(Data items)
((
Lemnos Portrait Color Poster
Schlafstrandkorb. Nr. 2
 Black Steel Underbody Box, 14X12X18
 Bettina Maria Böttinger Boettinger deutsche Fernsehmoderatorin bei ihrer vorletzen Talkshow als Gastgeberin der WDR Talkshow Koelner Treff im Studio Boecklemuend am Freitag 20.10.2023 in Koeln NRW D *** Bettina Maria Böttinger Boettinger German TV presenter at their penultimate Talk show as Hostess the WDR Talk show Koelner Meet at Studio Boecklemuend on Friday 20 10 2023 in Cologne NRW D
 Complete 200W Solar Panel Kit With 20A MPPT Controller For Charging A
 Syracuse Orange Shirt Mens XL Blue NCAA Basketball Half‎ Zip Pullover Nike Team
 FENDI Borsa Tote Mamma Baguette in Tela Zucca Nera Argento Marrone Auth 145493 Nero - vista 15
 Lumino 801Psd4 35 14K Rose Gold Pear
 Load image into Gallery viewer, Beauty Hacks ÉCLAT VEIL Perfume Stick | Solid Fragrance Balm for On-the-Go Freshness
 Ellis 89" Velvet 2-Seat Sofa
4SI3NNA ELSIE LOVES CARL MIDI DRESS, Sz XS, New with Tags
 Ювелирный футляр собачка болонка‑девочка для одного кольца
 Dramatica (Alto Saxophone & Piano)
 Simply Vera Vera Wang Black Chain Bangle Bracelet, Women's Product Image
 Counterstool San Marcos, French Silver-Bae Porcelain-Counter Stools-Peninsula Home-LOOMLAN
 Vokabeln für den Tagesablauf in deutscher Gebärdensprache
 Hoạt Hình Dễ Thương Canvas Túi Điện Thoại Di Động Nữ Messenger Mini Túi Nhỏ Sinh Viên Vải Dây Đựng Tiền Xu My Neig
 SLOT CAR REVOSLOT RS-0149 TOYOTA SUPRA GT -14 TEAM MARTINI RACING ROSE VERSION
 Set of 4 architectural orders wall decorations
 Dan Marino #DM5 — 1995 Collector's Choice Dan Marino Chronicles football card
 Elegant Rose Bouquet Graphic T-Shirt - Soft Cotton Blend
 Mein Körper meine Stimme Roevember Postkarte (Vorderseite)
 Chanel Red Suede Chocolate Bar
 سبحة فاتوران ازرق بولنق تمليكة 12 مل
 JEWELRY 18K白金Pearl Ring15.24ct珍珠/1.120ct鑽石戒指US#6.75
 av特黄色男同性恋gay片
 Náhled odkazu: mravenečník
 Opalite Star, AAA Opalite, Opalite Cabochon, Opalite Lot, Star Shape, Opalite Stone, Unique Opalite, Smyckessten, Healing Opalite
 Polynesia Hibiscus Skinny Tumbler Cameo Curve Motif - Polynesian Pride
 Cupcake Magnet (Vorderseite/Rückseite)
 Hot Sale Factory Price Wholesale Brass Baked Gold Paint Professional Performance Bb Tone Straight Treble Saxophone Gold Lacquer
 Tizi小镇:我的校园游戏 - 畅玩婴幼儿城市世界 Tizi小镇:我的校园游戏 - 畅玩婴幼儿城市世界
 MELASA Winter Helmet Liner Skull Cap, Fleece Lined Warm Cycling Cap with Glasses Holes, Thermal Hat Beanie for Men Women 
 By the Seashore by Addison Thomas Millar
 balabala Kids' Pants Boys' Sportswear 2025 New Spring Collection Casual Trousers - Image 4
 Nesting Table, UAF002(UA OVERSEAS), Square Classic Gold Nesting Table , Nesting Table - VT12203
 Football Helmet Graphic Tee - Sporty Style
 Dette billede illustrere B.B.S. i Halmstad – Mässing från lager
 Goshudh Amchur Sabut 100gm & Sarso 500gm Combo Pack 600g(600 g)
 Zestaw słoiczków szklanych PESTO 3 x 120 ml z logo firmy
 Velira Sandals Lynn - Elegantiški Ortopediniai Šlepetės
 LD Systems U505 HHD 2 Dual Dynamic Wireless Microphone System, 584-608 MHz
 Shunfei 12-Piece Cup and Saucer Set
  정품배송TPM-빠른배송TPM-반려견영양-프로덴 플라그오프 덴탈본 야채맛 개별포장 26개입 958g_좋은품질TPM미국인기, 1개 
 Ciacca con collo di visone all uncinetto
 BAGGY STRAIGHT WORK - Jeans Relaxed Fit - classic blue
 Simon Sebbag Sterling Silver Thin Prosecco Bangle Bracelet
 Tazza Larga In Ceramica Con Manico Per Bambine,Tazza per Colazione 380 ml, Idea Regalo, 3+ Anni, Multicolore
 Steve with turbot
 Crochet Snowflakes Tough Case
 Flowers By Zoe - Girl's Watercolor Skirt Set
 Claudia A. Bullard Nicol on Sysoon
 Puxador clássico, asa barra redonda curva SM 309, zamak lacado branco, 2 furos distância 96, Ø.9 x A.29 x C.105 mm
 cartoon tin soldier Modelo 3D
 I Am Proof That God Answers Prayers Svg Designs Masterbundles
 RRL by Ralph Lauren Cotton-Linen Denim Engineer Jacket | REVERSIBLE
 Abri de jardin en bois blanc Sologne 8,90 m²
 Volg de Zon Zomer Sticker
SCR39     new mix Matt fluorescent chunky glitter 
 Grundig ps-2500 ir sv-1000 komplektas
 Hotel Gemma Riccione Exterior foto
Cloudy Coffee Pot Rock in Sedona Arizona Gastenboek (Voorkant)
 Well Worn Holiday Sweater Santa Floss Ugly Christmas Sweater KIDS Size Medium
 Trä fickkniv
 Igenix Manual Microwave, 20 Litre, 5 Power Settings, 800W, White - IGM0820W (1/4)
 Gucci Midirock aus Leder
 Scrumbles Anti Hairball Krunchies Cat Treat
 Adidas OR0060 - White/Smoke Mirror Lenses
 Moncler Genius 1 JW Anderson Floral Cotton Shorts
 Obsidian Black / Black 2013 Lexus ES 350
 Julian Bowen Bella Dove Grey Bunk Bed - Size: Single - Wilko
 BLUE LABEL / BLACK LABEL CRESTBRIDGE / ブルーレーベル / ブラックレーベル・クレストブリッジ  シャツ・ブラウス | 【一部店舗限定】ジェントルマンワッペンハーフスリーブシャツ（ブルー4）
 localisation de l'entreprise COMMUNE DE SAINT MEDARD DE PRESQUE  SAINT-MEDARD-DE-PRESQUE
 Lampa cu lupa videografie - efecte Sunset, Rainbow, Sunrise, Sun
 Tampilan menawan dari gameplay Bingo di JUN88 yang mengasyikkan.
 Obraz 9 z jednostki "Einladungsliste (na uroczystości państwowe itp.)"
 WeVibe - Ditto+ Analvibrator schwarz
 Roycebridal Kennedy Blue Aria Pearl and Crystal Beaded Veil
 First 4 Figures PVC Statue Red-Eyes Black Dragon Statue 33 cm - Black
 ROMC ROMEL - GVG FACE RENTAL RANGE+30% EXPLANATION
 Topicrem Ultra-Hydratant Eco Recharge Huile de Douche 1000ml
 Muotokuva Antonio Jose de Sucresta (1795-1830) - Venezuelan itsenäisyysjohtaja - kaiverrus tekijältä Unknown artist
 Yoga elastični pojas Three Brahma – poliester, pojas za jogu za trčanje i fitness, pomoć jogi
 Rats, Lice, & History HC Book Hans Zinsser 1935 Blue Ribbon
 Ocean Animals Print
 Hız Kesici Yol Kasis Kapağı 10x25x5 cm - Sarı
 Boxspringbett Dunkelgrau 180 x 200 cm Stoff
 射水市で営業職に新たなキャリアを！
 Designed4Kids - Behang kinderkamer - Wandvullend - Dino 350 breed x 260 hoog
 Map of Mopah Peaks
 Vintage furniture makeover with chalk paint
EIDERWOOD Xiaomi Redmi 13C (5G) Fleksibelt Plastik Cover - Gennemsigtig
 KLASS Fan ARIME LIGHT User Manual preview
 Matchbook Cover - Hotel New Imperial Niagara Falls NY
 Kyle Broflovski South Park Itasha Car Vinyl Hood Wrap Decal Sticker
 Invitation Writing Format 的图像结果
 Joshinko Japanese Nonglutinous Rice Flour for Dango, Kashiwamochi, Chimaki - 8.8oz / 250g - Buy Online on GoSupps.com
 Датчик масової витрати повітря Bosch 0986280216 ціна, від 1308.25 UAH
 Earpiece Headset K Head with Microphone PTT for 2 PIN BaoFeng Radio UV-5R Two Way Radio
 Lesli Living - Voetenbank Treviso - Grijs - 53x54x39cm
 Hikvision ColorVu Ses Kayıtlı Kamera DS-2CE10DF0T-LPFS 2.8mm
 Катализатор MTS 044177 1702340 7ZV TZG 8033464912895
))
An exact copy of the lines above, from the one containing "Julian Bowen Bella" down to the one containing "Topicrem Ultra-Hydratant Eco" and including both, is the whole answer; retype it and nothing else.

» Answer space
 Julian Bowen Bella Dove Grey Bunk Bed - Size: Single - Wilko
 BLUE LABEL / BLACK LABEL CRESTBRIDGE / ブルーレーベル / ブラックレーベル・クレストブリッジ  シャツ・ブラウス | 【一部店舗限定】ジェントルマンワッペンハーフスリーブシャツ（ブルー4）
 localisation de l'entreprise COMMUNE DE SAINT MEDARD DE PRESQUE  SAINT-MEDARD-DE-PRESQUE
 Lampa cu lupa videografie - efecte Sunset, Rainbow, Sunrise, Sun
 Tampilan menawan dari gameplay Bingo di JUN88 yang mengasyikkan.
 Obraz 9 z jednostki "Einladungsliste (na uroczystości państwowe itp.)"
 WeVibe - Ditto+ Analvibrator schwarz
 Roycebridal Kennedy Blue Aria Pearl and Crystal Beaded Veil
 First 4 Figures PVC Statue Red-Eyes Black Dragon Statue 33 cm - Black
 ROMC ROMEL - GVG FACE RENTAL RANGE+30% EXPLANATION
 Topicrem Ultra-Hydratant Eco Recharge Huile de Douche 1000ml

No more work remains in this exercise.